Could you please retype exactly the lines from the start of the records below through the line that contains "Blusa de popelín", both included, and leave out the pictures?

━━━━━ Records provided

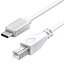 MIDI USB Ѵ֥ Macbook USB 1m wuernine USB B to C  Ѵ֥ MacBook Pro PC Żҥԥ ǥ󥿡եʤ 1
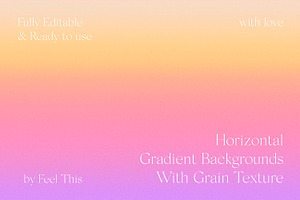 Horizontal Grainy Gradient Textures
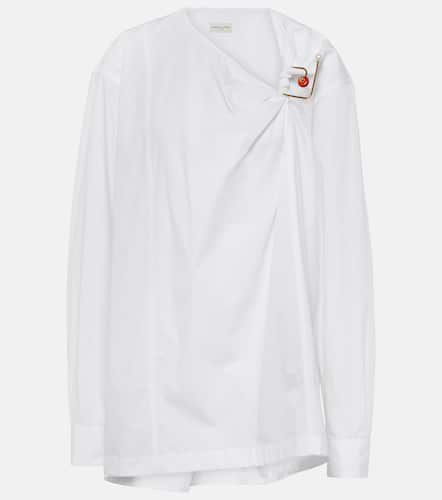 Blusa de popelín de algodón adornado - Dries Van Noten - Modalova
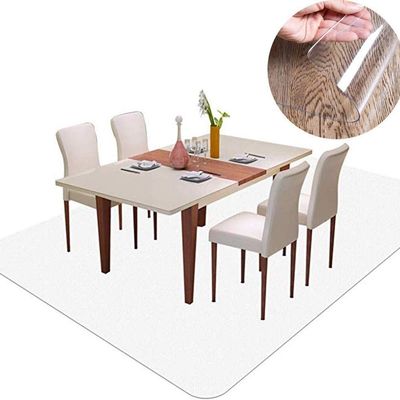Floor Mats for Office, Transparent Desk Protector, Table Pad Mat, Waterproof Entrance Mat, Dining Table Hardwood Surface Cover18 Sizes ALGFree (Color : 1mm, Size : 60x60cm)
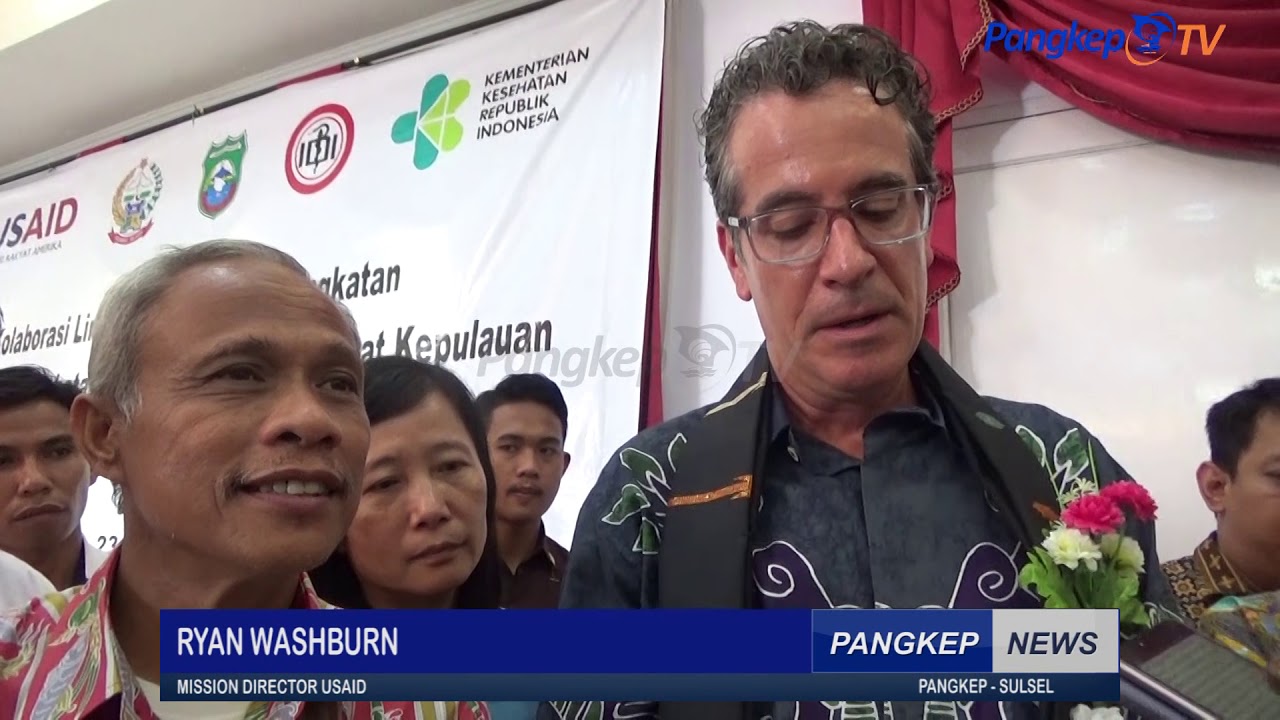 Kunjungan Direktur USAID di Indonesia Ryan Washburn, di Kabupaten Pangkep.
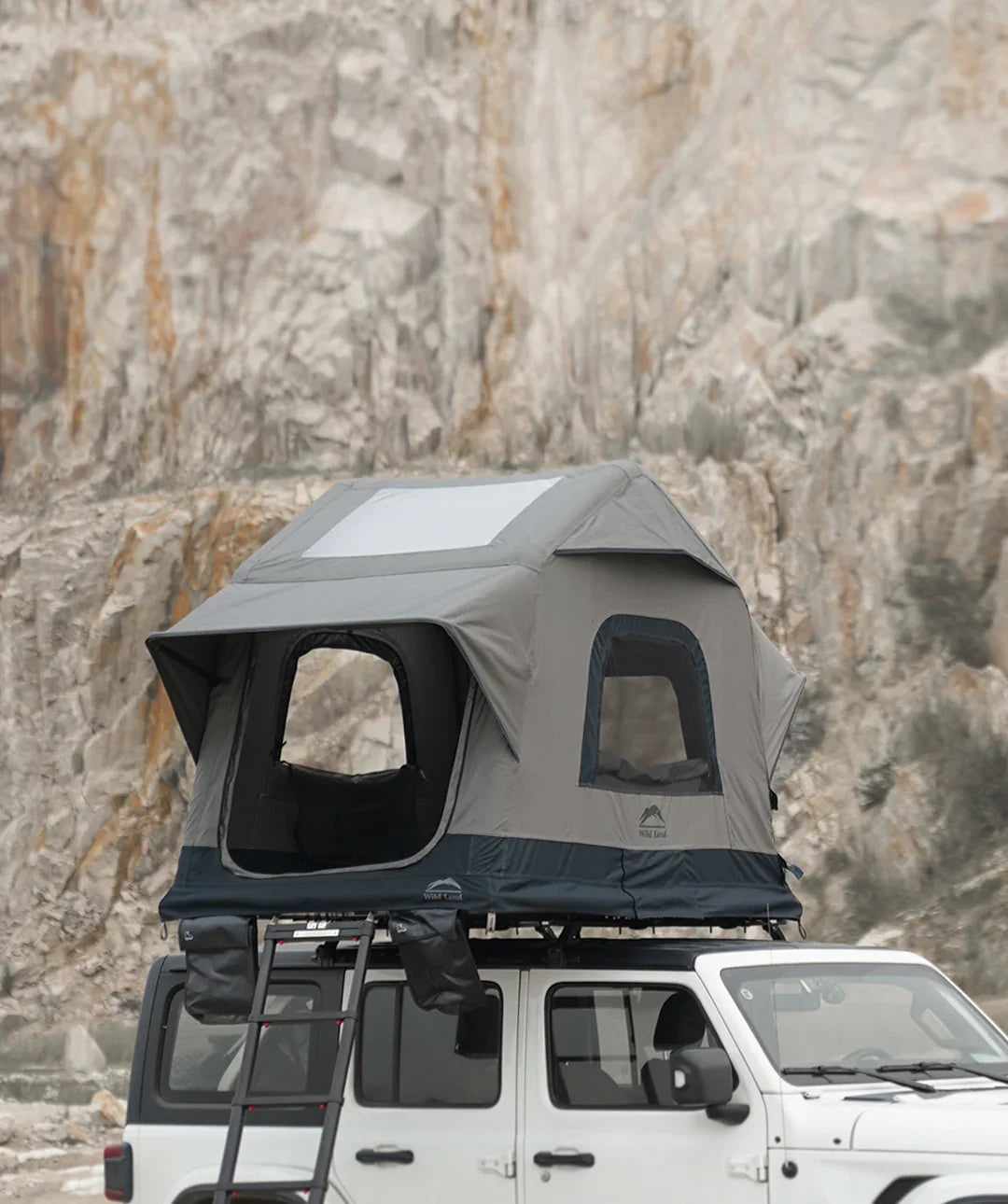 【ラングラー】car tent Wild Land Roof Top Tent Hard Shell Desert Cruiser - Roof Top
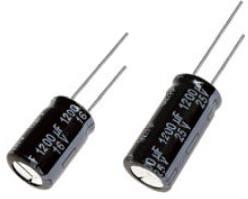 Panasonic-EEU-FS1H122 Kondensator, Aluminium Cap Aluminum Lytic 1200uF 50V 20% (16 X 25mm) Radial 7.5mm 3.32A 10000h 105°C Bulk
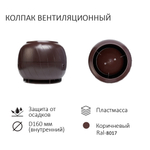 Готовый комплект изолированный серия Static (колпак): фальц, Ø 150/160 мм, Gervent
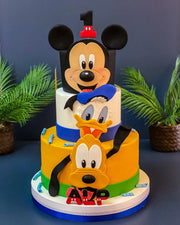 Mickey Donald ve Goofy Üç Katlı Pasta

━━━━━━━━━━

# Solution for this problem
 MIDI USB Ѵ֥ Macbook USB 1m wuernine USB B to C  Ѵ֥ MacBook Pro PC Żҥԥ ǥ󥿡եʤ 1
 Horizontal Grainy Gradient Textures
 Blusa de popelín de algodón adornado - Dries Van Noten - Modalova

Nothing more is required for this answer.